* TASK TO COMPLETE: The listing below should be reproduced exactly, with the pictures omitted.

* RECORDS FOR THIS EXERCISE:
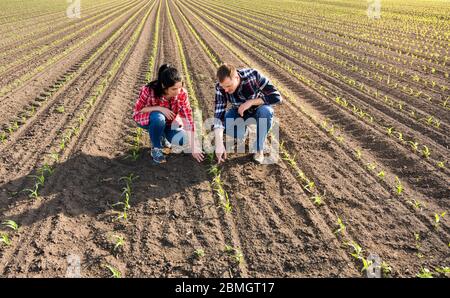 Junglandwirte, die im Frühjahr Jungkorn bepflanzt haben Stockfoto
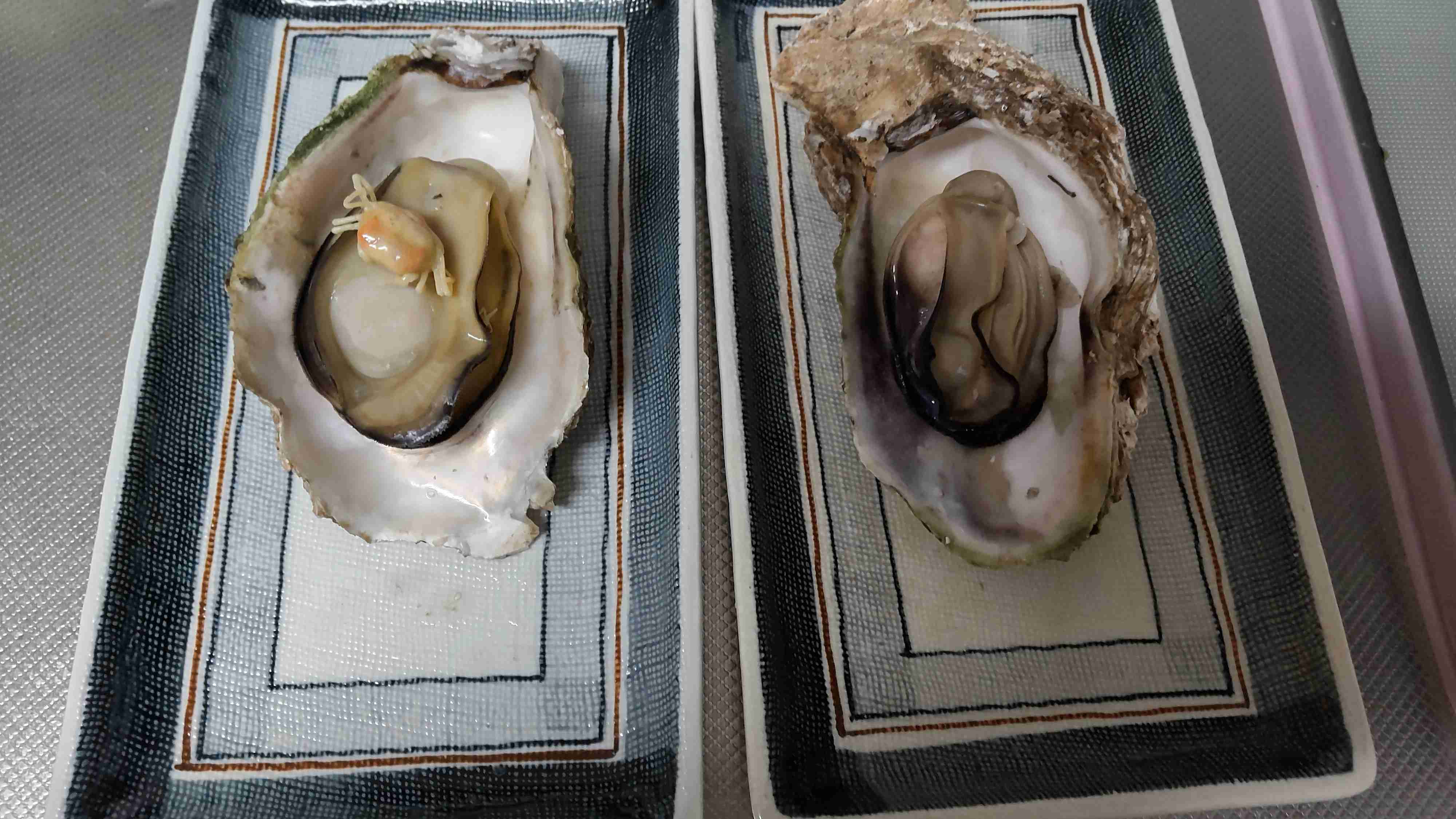 【手作り】おかず一品だけ見せて！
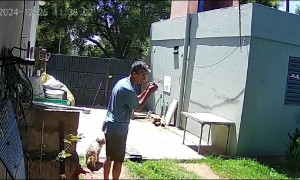 Wild Parrot Flies Into Man's Hands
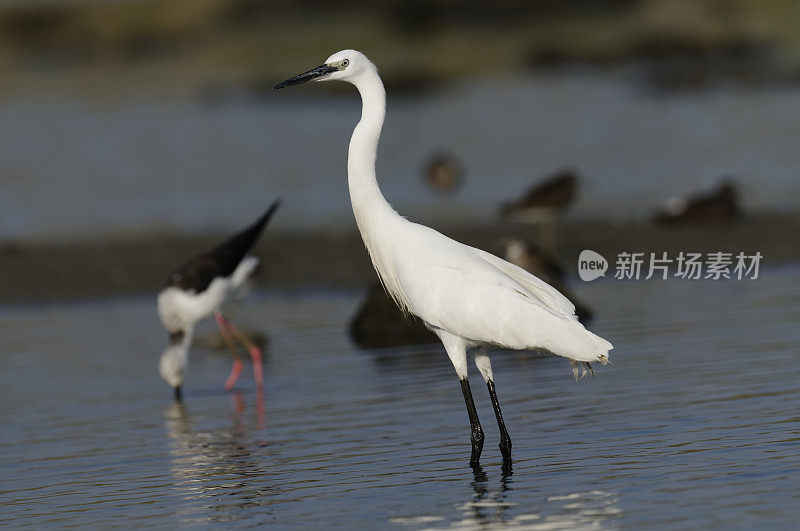 小白鹭(白鹭)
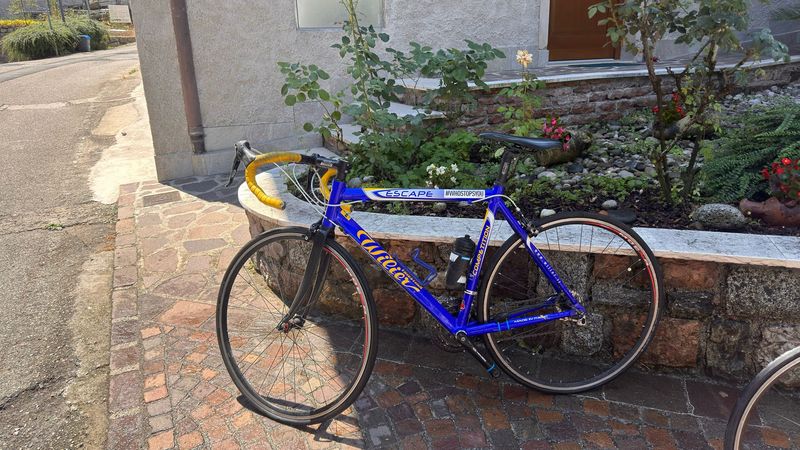 Used Wilier Custom Shimano 105 2010 Road & Gravel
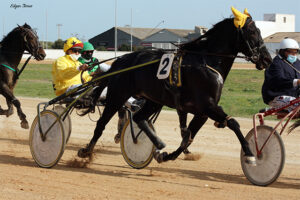 Carreras Trot Mô_Dior - A Roca 25.10.20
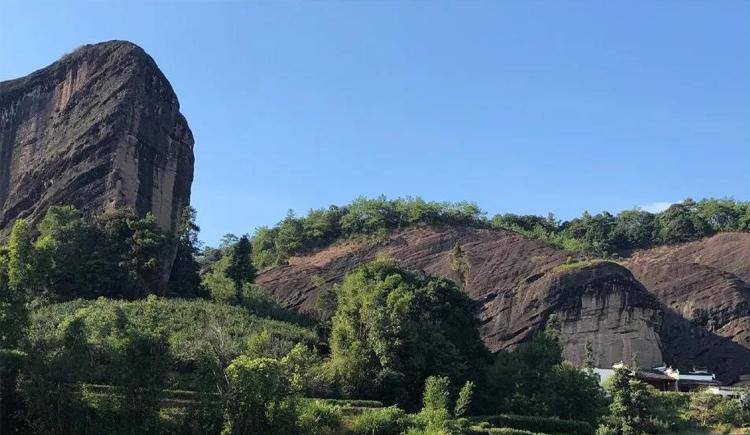 详解岩茶为何叫岩茶武夷山的三坑两涧一窠36峰72洞99岩分别指哪些地方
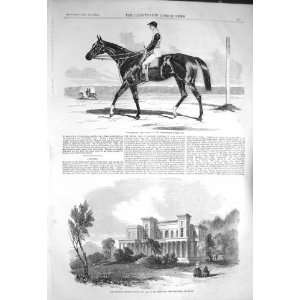    1856 VENGEANCE HORSE CHATEAU ELEANORA LOUISA CANNES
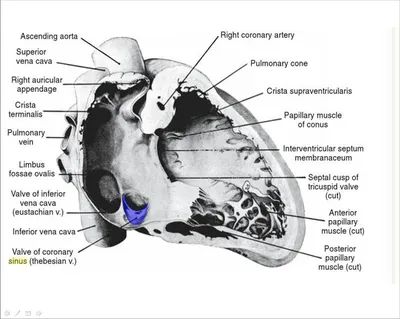 Митральный Клапан Сердца Человека Анатомическое Положение Клапана —  стоковая векторная графика и другие изображения на тему Сердце - iStock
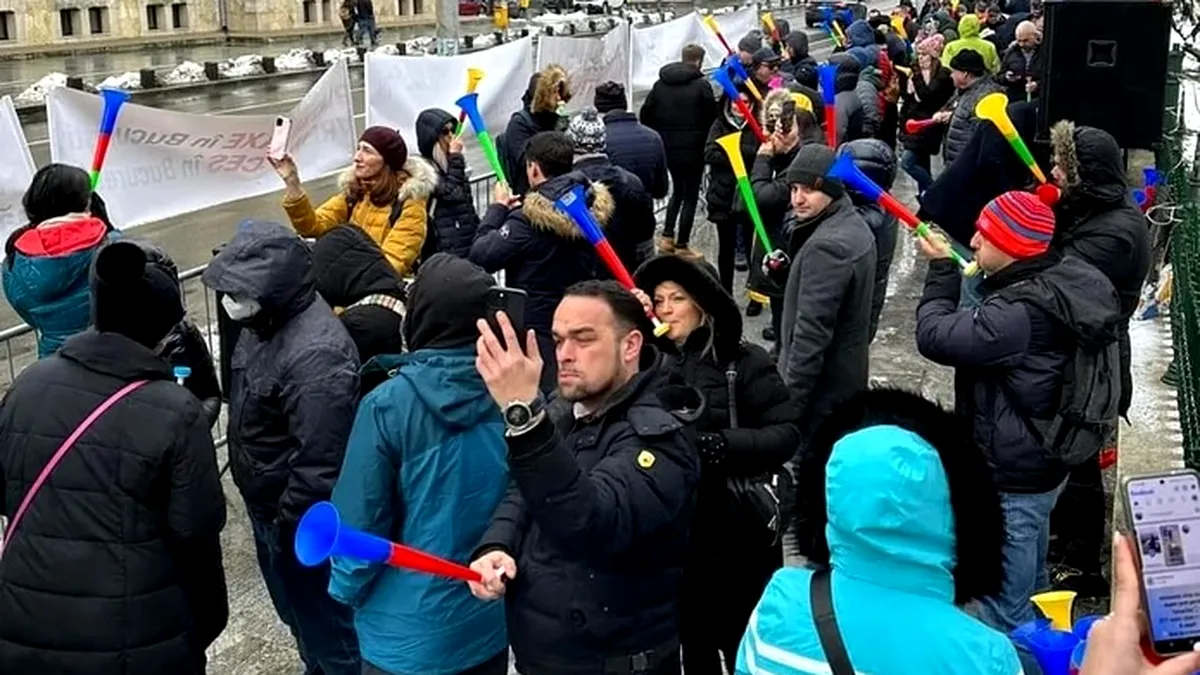 Proteste la PMB. Locuitorii din  cartierul Greenfield nu renunță la drumul prin pădurea Băneasa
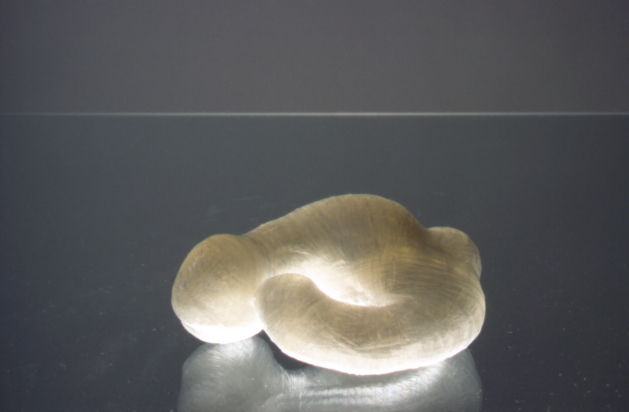 Experiment I, Sellotape, 10 x 8 x 12cm, 1995
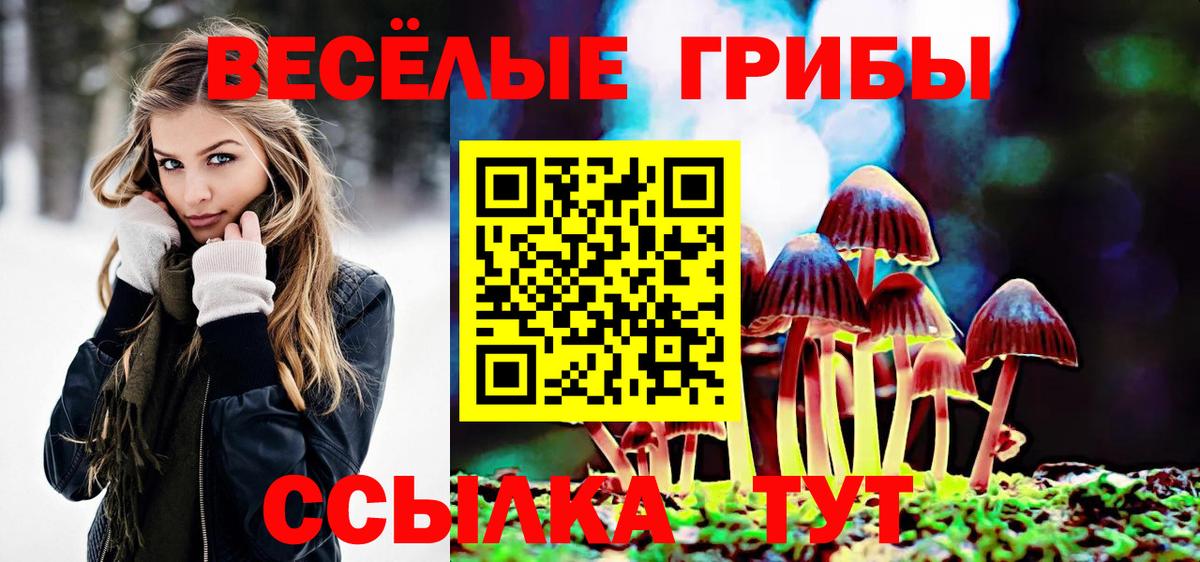 Галлюциногенные грибы MAGIC MUSHROOMS Донской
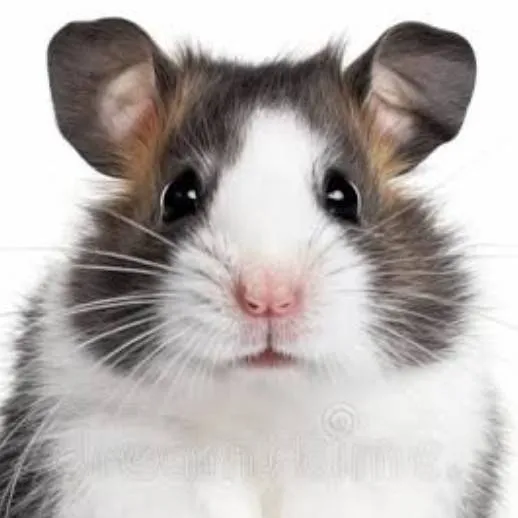 chat with ai character: luna and lucas kid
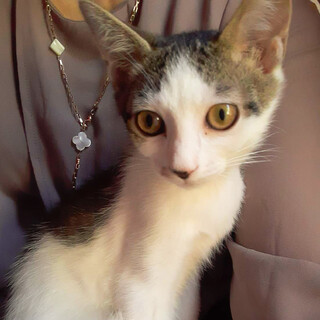 募集停止　おとなしい性格キジ白男子★アオ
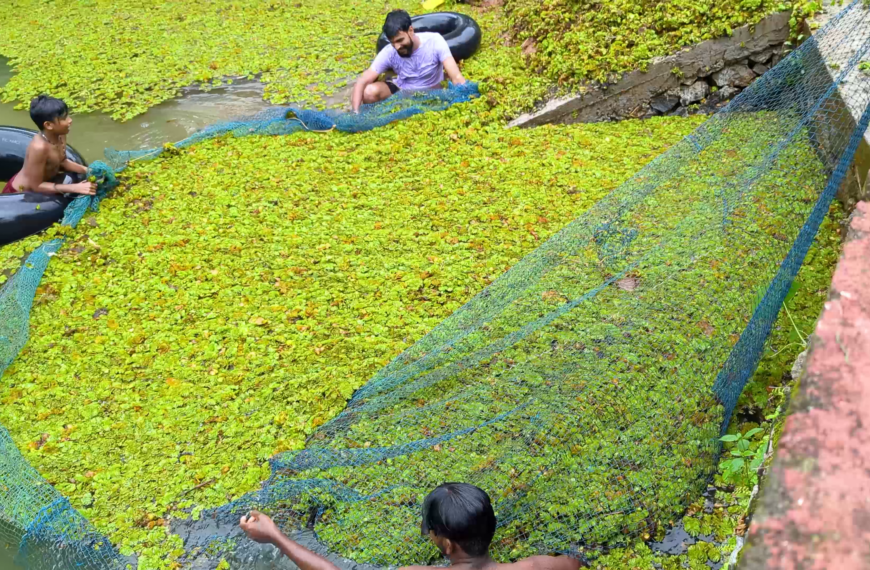 മുത്തുമല യുവ കലാവേദി വായനശാലയുടെ നേതൃത്വത്തില്‍ മുപ്ലിയം പുതുകുളവും പാര്‍ക്കും വൃത്തിയാക്കി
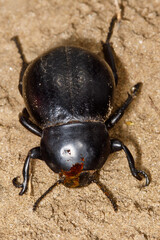 Black beetle (Gnaptor spinimanus) in the sand.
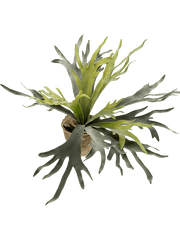 Fern Staghorn Artificial Plant Premium Faux 75cm Height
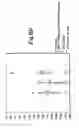 Fig. 11 - OPTICAL MEASUREMENT OF FILL LEVEL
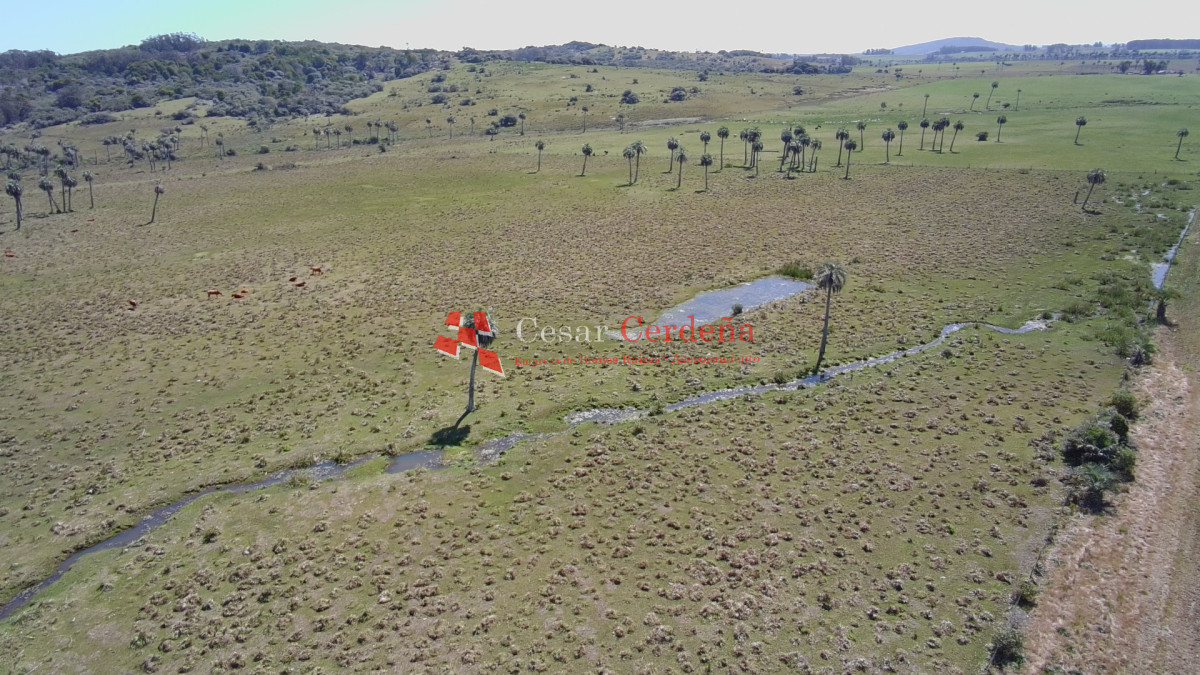 Campo Ref.1968 - VENTA - Campo 106 hectareas - Castillos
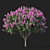 3D Crape Myrtle Tree with Flowers 3D model small image 3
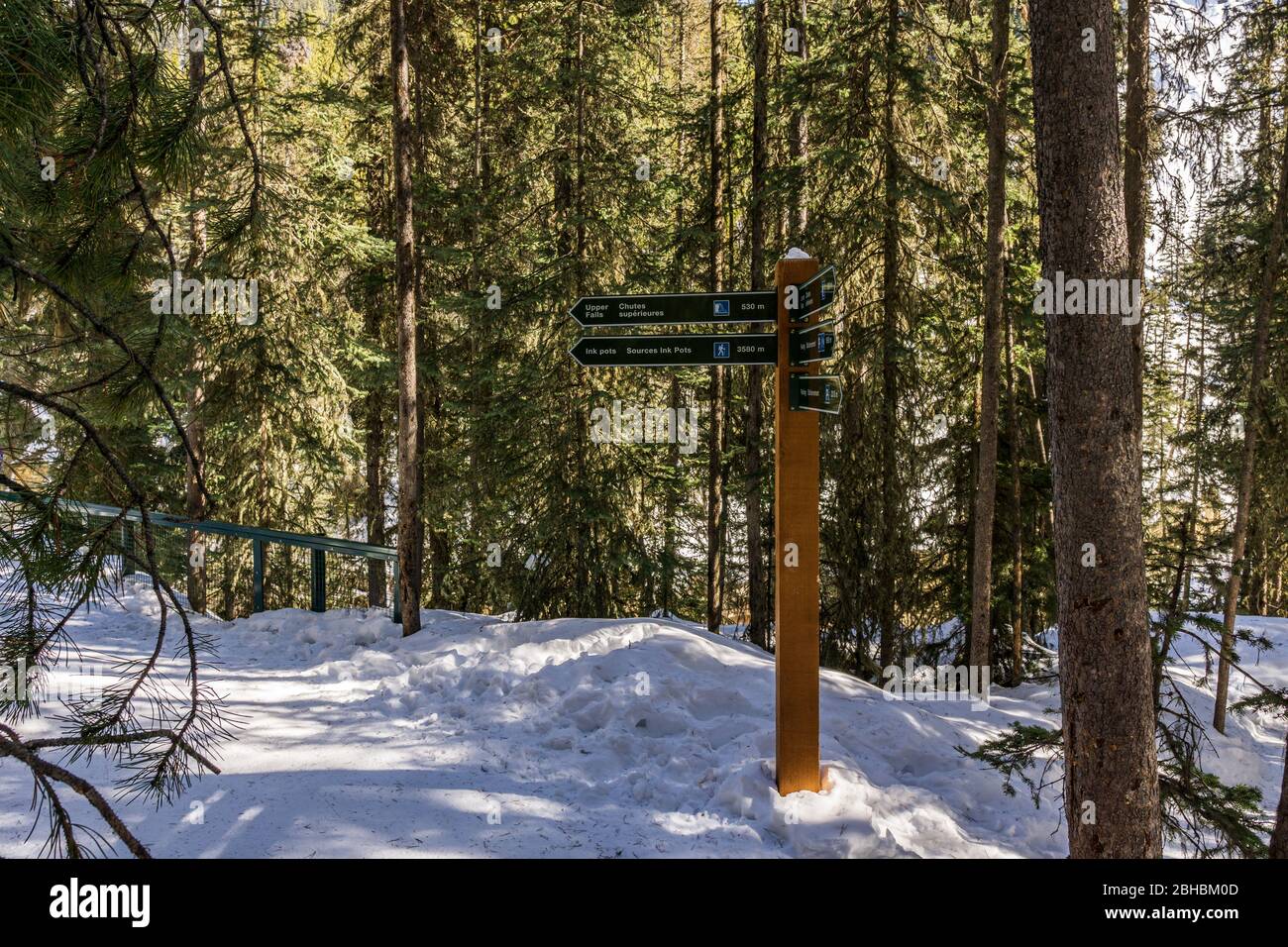 BANF, CANADA - MARCH 20, 2020: path in the forest winter landscape hiking trail. Stock Photo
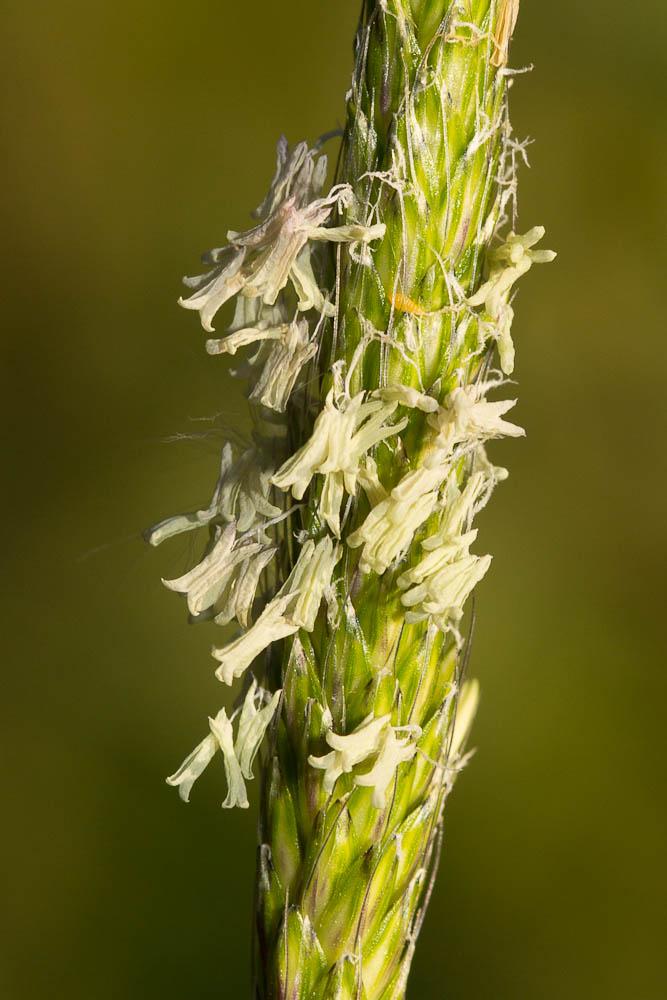Vulpin des champs, Queue-de-renard Alopecurus myosuroides Huds., 1762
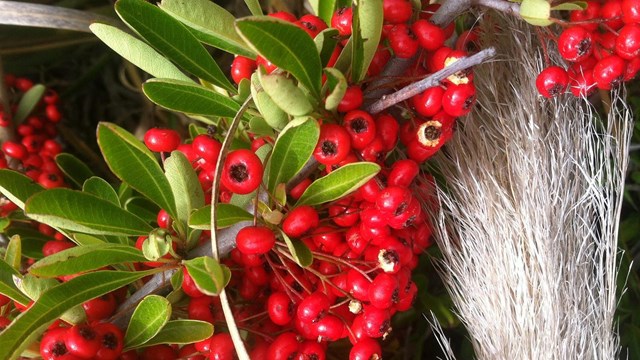 Close up of invasive species Firethorn (Pyracantha augustifolia).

* YOUR RESPONSE:
 Junglandwirte, die im Frühjahr Jungkorn bepflanzt haben Stockfoto
 【手作り】おかず一品だけ見せて！
 Wild Parrot Flies Into Man's Hands
 小白鹭(白鹭)
 Used Wilier Custom Shimano 105 2010 Road & Gravel
 Carreras Trot Mô_Dior - A Roca 25.10.20
 详解岩茶为何叫岩茶武夷山的三坑两涧一窠36峰72洞99岩分别指哪些地方
    1856 VENGEANCE HORSE CHATEAU ELEANORA LOUISA CANNES
 Митральный Клапан Сердца Человека Анатомическое Положение Клапана —  стоковая векторная графика и другие изображения на тему Сердце - iStock
 Proteste la PMB. Locuitorii din  cartierul Greenfield nu renunță la drumul prin pădurea Băneasa
 Experiment I, Sellotape, 10 x 8 x 12cm, 1995
 Галлюциногенные грибы MAGIC MUSHROOMS Донской
 chat with ai character: luna and lucas kid
 募集停止　おとなしい性格キジ白男子★アオ
 മുത്തുമല യുവ കലാവേദി വായനശാലയുടെ നേതൃത്വത്തില്‍ മുപ്ലിയം പുതുകുളവും പാര്‍ക്കും വൃത്തിയാക്കി
 Black beetle (Gnaptor spinimanus) in the sand.
 Fern Staghorn Artificial Plant Premium Faux 75cm Height
 Fig. 11 - OPTICAL MEASUREMENT OF FILL LEVEL
 Campo Ref.1968 - VENTA - Campo 106 hectareas - Castillos
 3D Crape Myrtle Tree with Flowers 3D model small image 3
 BANF, CANADA - MARCH 20, 2020: path in the forest winter landscape hiking trail. Stock Photo
Vulpin des champs, Queue-de-renard Alopecurus myosuroides Huds., 1762
 Close up of invasive species Firethorn (Pyracantha augustifolia).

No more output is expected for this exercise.